Festival speaker Stephen Cooper, whose book The Final Whistle traces the lives of 15 players from Rosslyn Park Rugby Club who were killed in the First World War, said: “This roadshow is a great idea, and I love the fact that it’s pan-European and makes family history freely available to anyone who wants to use it.”
Ed Vaizey, Culture Minister and Wantage MP, was also very impressed by the roadshow, which was attended by Oxfordshire Family History Society, WW1 Soldier’s Tale and the Trooper Potts VC Memorial.
Youngsters had a veritable treasure trove of events to entertain them, including Sir Charlie Stinky Socks author Kristina Stephenson, who brought her colourful show The Pirate’s Curse, to Wantage.
There were laughs a plenty, and lots of story ideas, from zany TV writer Ciaran Murtagh. And continuing our WW1 theme, VAD Nurse Nora gave a little bit of history and an insight on her adventures patching up injured soldiers in the First World War.

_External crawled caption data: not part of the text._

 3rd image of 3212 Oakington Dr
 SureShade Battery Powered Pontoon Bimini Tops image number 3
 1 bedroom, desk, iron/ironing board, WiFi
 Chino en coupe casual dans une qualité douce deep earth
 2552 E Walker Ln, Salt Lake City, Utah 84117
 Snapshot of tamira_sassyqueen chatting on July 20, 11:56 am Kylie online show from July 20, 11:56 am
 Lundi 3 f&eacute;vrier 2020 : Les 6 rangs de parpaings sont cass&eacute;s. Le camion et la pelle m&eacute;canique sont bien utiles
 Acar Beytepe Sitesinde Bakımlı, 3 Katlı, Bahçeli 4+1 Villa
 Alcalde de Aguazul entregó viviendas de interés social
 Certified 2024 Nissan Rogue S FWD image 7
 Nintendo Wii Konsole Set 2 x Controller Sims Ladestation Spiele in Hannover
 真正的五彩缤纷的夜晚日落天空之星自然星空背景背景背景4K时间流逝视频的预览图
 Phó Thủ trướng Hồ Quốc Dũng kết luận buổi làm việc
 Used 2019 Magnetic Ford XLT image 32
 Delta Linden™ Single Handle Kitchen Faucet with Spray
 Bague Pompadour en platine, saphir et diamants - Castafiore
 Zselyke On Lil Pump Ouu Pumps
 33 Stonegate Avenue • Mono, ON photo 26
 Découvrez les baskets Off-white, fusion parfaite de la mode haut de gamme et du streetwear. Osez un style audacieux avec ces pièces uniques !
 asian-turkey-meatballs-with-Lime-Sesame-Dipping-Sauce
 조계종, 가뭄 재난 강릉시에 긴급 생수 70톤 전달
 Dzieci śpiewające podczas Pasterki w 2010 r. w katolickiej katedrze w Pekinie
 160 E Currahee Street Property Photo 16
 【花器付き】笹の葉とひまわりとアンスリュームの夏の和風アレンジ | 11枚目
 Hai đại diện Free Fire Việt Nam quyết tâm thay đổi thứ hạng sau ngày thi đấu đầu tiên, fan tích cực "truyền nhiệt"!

Budding crime writers were given tips from The Twelfth Department author William Ryan about how to construct interesting and complex characters from scratch to develop the plot of a crime novel. “I was deeply impressed with the insights into the criminal mind that the workshop attendees showed,” he said. “Deeply impressed and a little worried…. It was a really enjoyable afternoon though – with some great ideas and a lot of laughter. I only hope they enjoyed it as much as I did."
Former SAS man Andy McNab and psychologist Kevin Dutton analysed the links between Special Forces and psychopaths … with some fascinating results. Blackadder producer John Lloyd, a star of last year’s festival, said: “Kevin Dutton is very, charming and a beguiling speaker. What you are getting is a very Q1 take on psychopaths – he’s overturning a lot of preconceptions. He is taking information you might feel is frightening or difficult and making it very easy to follow. Andy McNab is so charming, but there is a look about him which says: ‘You don’t mess with me.’ You can see behind the charm is a steely resolve. Thank God the country’s in his safe hands.”